The first one is that the shadows seem to disappear unless they are very close to the ground, but I would like them to appear even if a plane is fairly high up.

The second one is that the shadows are not intense enough. Take a look at this picture:


The shadow is barely noticeable.

The third issue is that the shadows seem to be much too small. I tried increasing the radius float, but that seemed to do nothing.

Oh and @PSpeed, I am continuing to use sceneBuffer instead of prevFilterBuffer… Not sure what the consequences of that are, but it seems to work for me.

Edit: What a convenient setShadowIntensity() method! :smiley:

Alright, all issues are solved, except the shadow is too small.

I will, of course, be working on modifying pspeed’s code, to give the shadows a shape in the future. However, this will work well enough for now.

Glad you got it working. I had to sleep for a while so I was not online. (One of the painful parts of being mortal. :slight_smile: )

The drop shadows were designed for characters that would be at or near the ground, like walking+jumping mobs, floating items, etc…

How it works is that it basically draws a big ‘cube’ stretched to the size of the models bounding shape and then rotated in the x,z plane to match. So long skinny objects will get a properly oriented long skinny shadow.

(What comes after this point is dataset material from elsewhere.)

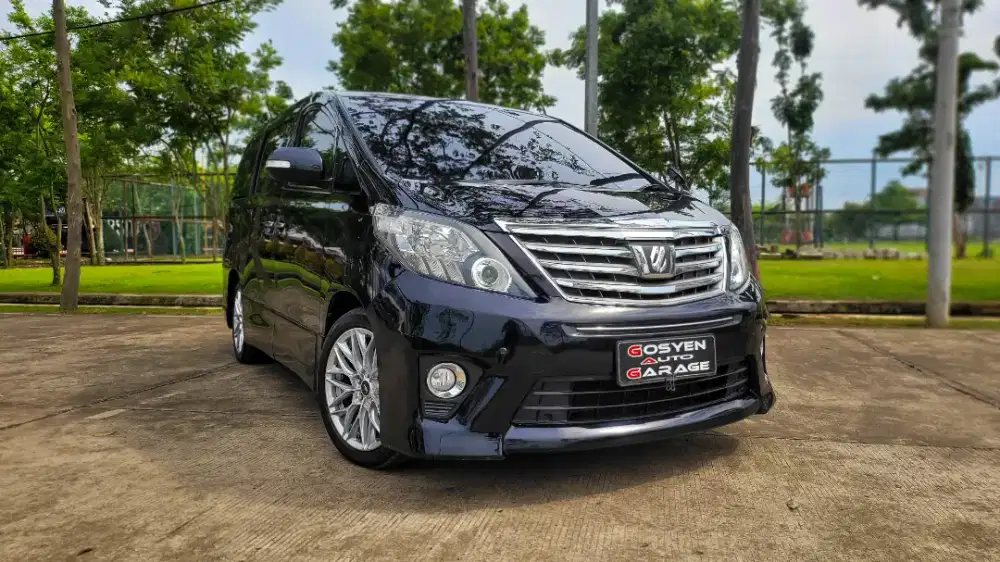 ALPHARD SC PREMIUM SOUND 2.4 AT 2014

Inside this ‘cube’, it renders a sort of egg-shaped shadow blob… and yes, objects will self-shadow a bit which is generally desirable. This egg is rendered at some distance below the real object so that the upper part of the egg lightly shades the bottom of the object and the button intersects the ground or any other objects sitting there. (It’s the cool part of this approach that the drop shadow even works on bumps, slopes, fences, whatever.)

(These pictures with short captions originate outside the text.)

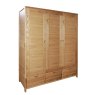 Ercol Bosco 3 Door Wardrobe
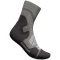 BAUERFEIND Merino Mid Cut Outdoor Socken Damen stone grey 43-46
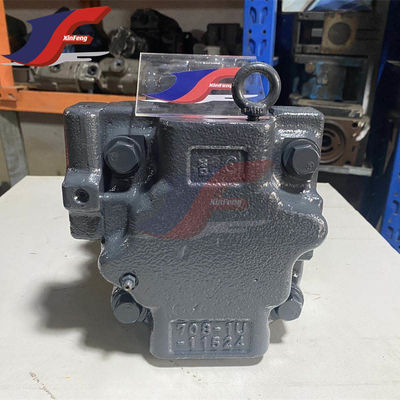 ব্যাকহো লোডার হাইড্রোলিক পাম্প Assy 708-1U-00160 Komatsu WB146 156 WB93 WB97 এর জন্য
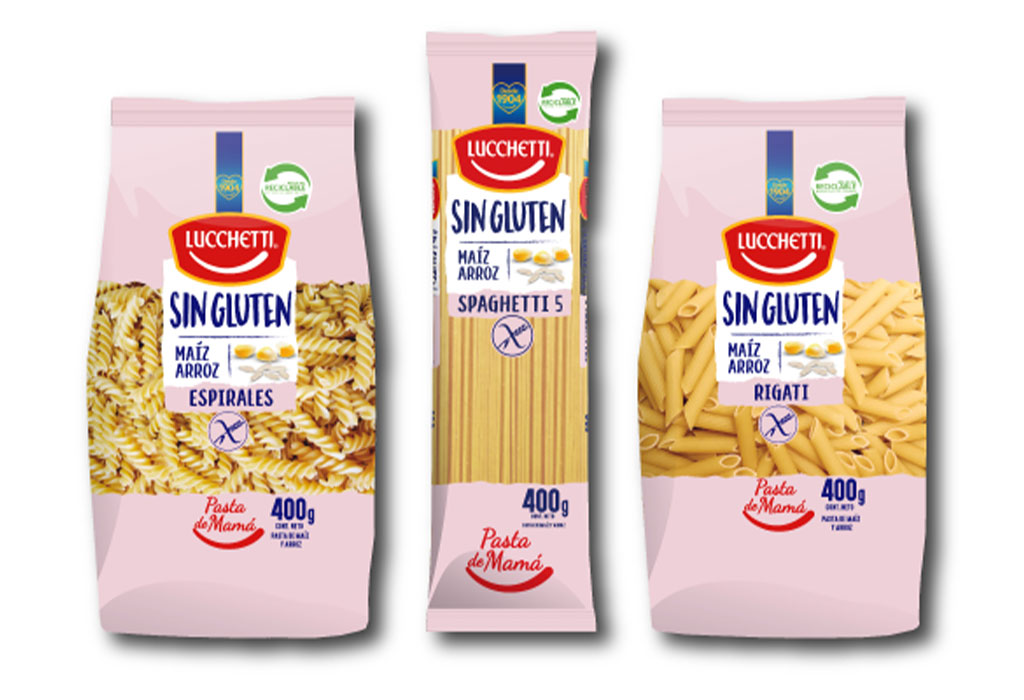 Lucchetti lanza nuevas Pastas Sin Gluten - Grupo Nutresa, Tresmontes  LucchettiGrupo Nutresa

Shaping it will be tricky but not impossible… in the shader it basically uses kind of a ‘distance from center’ to decide how intense the shadow will be. You could cookie-cutter this with a texture or something.

Anyway, to solve your “make it darker when I’m higher” issue. You need only stretch and/or reposition the egg.

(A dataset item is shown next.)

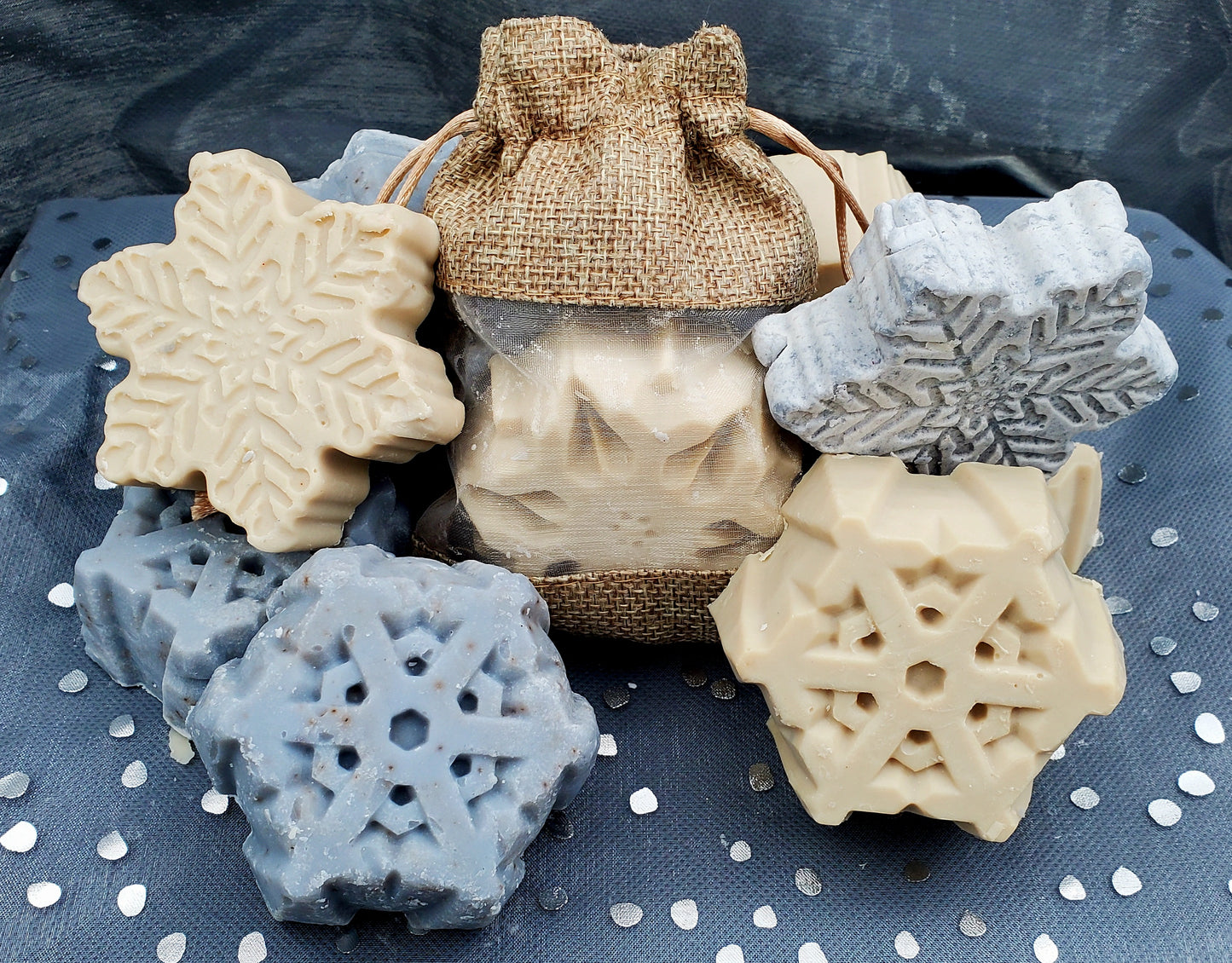 Snowflake Soap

It sets up these parameters here:

            float scale = g.getWorldScale().x;
            float xEx = bounds.getXExtent() * scale;
            float yEx = bounds.getYExtent() * scale;
            float zEx = bounds.getZExtent() * scale;
            float volumeHeight = Math.max(yEx, Math.min(xEx,zEx));

            float xOffset = bounds.getCenter().x * scale;
            float yOffset = bounds.getCenter().y * scale;
            float zOffset = bounds.getCenter().z * scale;

            yOffset -= yEx;
            yOffset -= volumeHeight * 0.5f;
            yOffset += 0.01f;

volumeHeight will be the height of the egg and yOffset will be how far below the object it is. Just changing the volume height may be enough since yOffset adjusts based on that. You will still want the egg to intersect the plane some or else when you get really close to the plane the shadow will disappear. Actually, increasing the height like this may make that happen anyway if you make it really long. You’d probably have to make the egg lopsided inside the shader eventually if you wanted to add a lot of height.